3
Всё ведь прекрасно продумано, всё ведь талантливо!
Ну а в реальности что из того получилось? Жуткая, неприятная путаница по времени. Сам же Рабен её и допустил, ни на кого другого всей полноты ответственности не возложишь. Хорошо, что вся эта ответственность — перед самим собой; ни перед кем другим не придётся отчитываться. Но и перед собой обидно и неприятно.
А всё почему? Причина, конечно же, коренилась в гениальнейшем пятом акте. Он с другими актами одновременен, вот и всё усложнил. А когда Вольфганг Рабен постарался и убедительно соотнёс разные линии собственных действий в борьбе с Родригесом, оказалось, что и у Родригеса тоже была своя линия, вот её-то Рабен и не сумел учесть.
В этой ошибке важную роль играло высокомерие.

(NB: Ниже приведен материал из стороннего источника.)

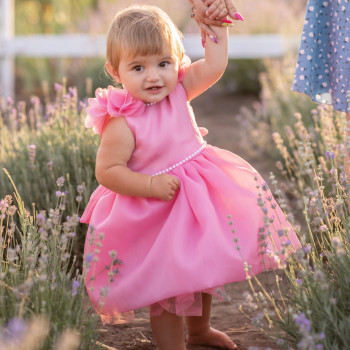 Марія Халаїм, Київ Фото - 11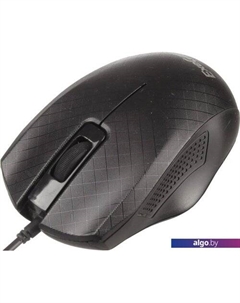 Мышь SH-9027 Exegate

Впрочем, высокомерие Рабена — это отнюдь не грех, как кому-то покажется. Это вполне справедливое признание Рабеном подлинного масштаба собственных же заслуг.

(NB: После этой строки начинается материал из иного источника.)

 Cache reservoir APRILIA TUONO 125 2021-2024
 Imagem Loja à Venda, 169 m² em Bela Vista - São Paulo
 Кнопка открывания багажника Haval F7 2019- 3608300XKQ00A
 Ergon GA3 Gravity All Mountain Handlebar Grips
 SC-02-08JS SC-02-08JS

Правда, приходится также признать: мир несовершенен. Потому-то высокомерие самых достойных людей часто встречается с противодействием всяческих недостойных выскочек вроде Бенито.
Чтобы понять, что не так было сделано в пятом акте, для начала имеется смысл упомянуть об успехе. Ибо тот самый главный момент пятого акта, что в основном определяет осуществимость плана, людям Рабена удался блестяще. Призма Правдивости была найдена, извлечена и отвезена так далеко, чтобы не было шанса вернуть.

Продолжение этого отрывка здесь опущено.